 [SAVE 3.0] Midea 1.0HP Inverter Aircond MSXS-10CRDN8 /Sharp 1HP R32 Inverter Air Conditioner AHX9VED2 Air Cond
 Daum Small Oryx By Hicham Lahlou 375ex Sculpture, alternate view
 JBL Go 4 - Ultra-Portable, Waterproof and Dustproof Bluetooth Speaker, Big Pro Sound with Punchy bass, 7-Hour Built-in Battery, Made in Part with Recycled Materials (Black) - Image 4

────────────────────────────────────────

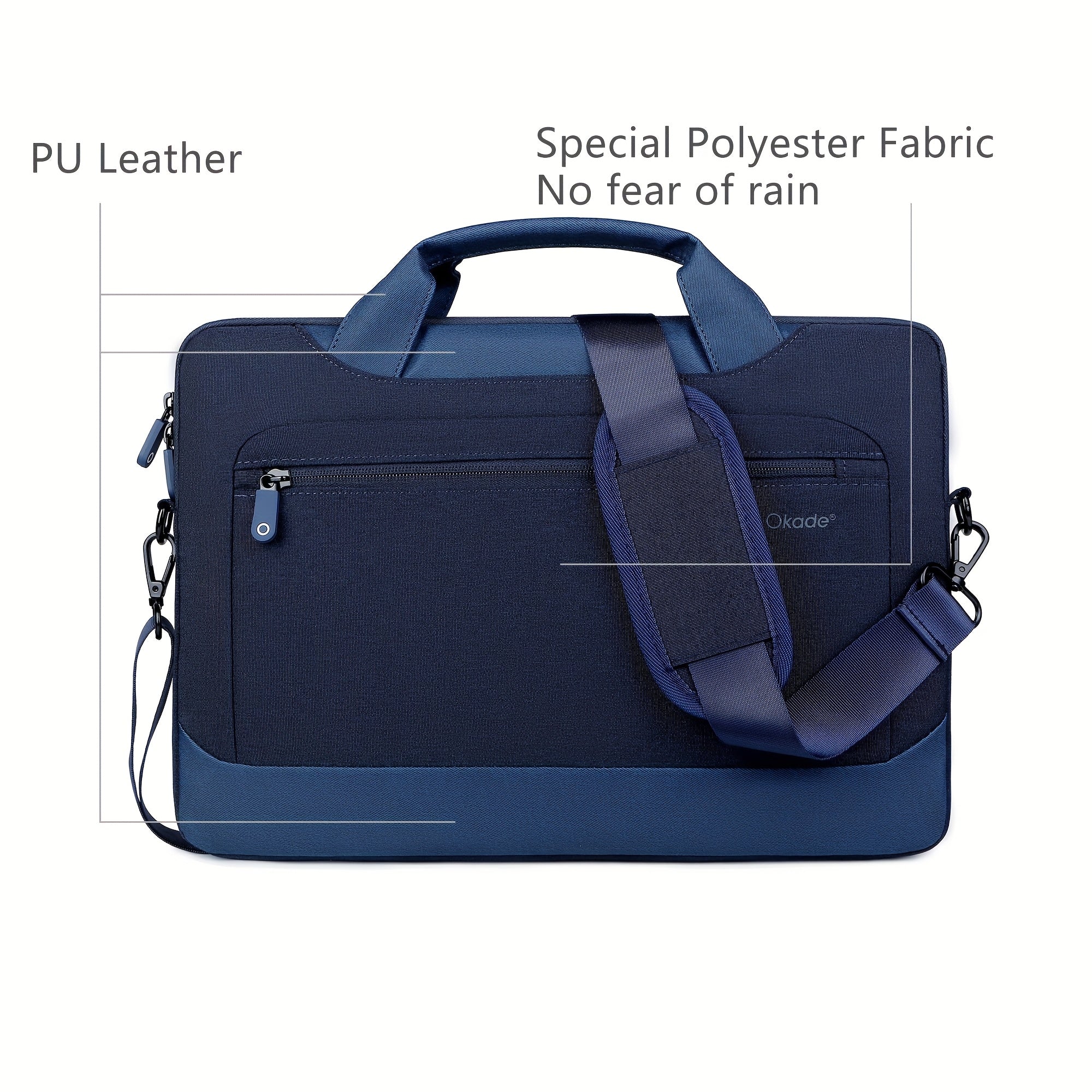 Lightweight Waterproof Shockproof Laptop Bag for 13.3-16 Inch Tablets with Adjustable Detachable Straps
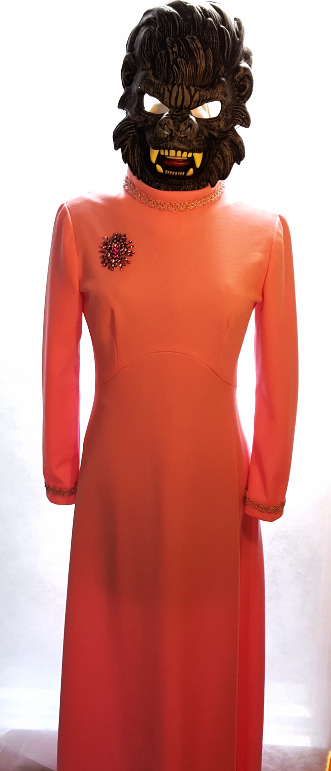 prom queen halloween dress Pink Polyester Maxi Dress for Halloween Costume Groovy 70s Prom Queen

────────────────────────────────────────

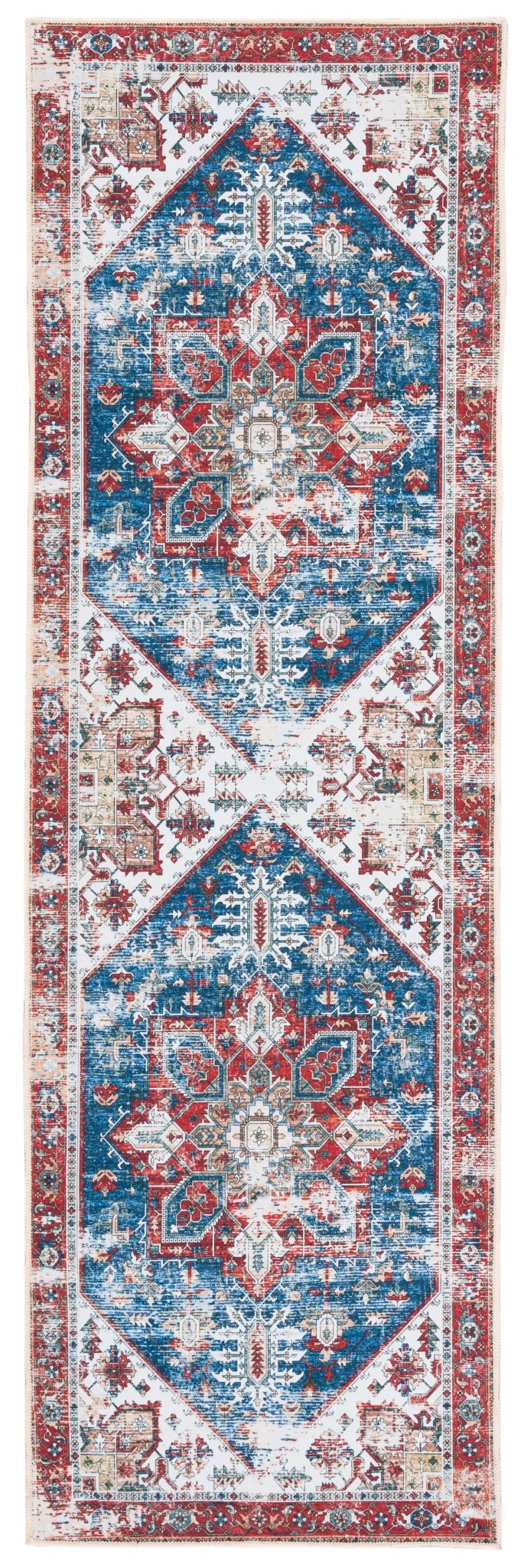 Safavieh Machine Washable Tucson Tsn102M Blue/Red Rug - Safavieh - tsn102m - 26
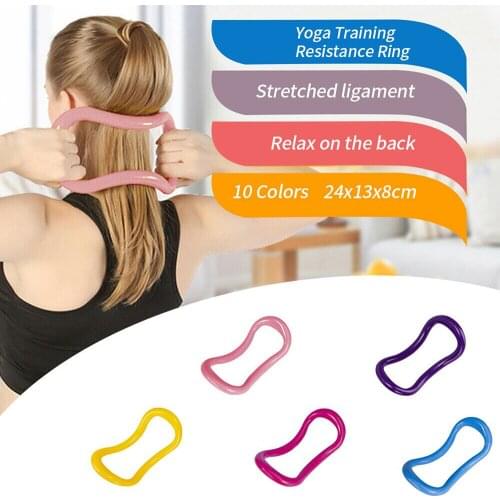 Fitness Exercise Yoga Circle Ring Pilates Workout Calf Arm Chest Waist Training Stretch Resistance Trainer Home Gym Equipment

────────────────────────────────────────

Look above for the line with "[SAVE 3.0] Midea" and the line with "Daum Small Oryx". Write out those two lines and all the lines between them, exactly, and no others.

 [SAVE 3.0] Midea 1.0HP Inverter Aircond MSXS-10CRDN8 /Sharp 1HP R32 Inverter Air Conditioner AHX9VED2 Air Cond
 Daum Small Oryx By Hicham Lahlou 375ex Sculpture, alternate view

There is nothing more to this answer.